Mit Handschellen an Armen und Beinen wurde der ehemalige SDSS-Anführer in Topusko, Dragutin Ćelap (71), gestern aus der Haft zum Bezirksgericht Zagreb gebracht, wo sein Prozess wegen eines Kriegsverbrechens aus dem Jahr 1991 begann.
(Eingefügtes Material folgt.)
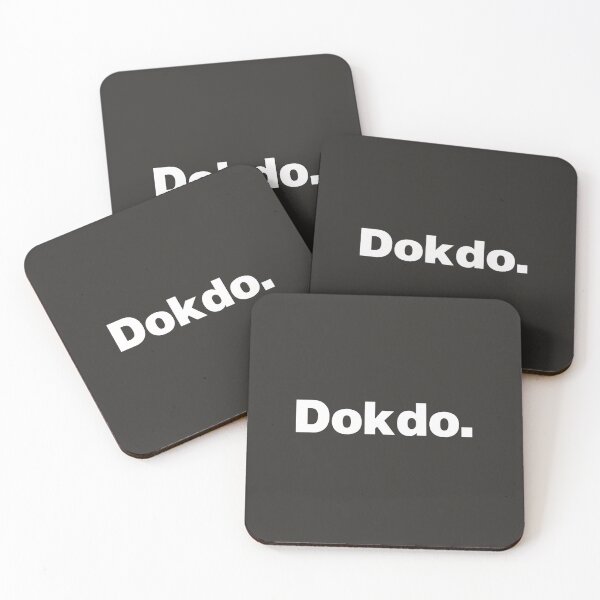Item preview, Dokdo - We're Dokdo Dreamers designed and sold by nancycrazy.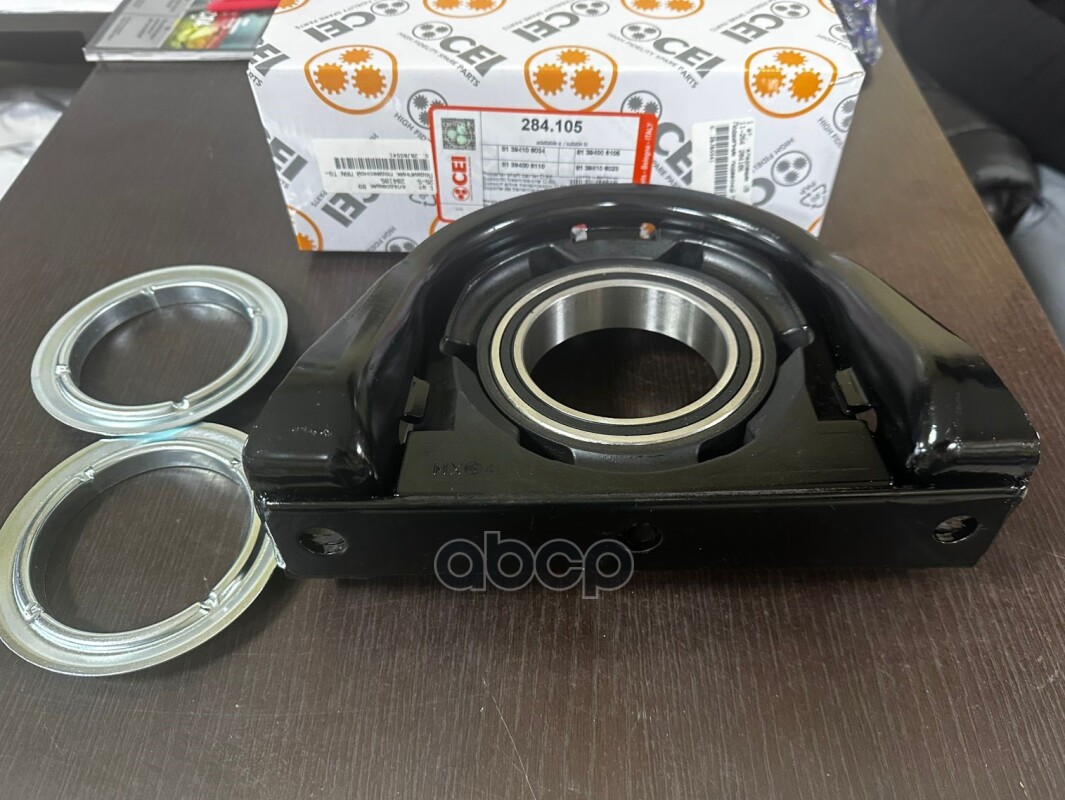 опора подвесная кардана в сборе d85 MAN TGA/TGS/TGX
„Ich betrachte mich nicht als schuldig“, sagte Ćelap, nachdem ihm die Anklageschrift verlesen worden war. Darin wird ihm vorgeworfen, am 17. Juli 1991 als Mitglied der serbischen paramilitärischen Gruppe, der sogenannten Territorialverteidigung Topusko, zusammen mit zwei seiner Kameraden, dem inzwischen verstorbenen Radovan Ćelap und Milan Kljaić , den kroatischen Zivilisten Marko Matijević, der mit einem Traktor auf der Straße zwischen Vranovina und Staro Selo Topusko unterwegs war, mit automatischen Gewehrschüssen getötet zu haben. Ćelap und die beiden anderen „Martićevci“ sollen sich durch Matijevićs Gesang des Liedes „Die weiße Gans spritzt Wasser, dieses Land ist nicht russisch“ gestört gefühlt haben.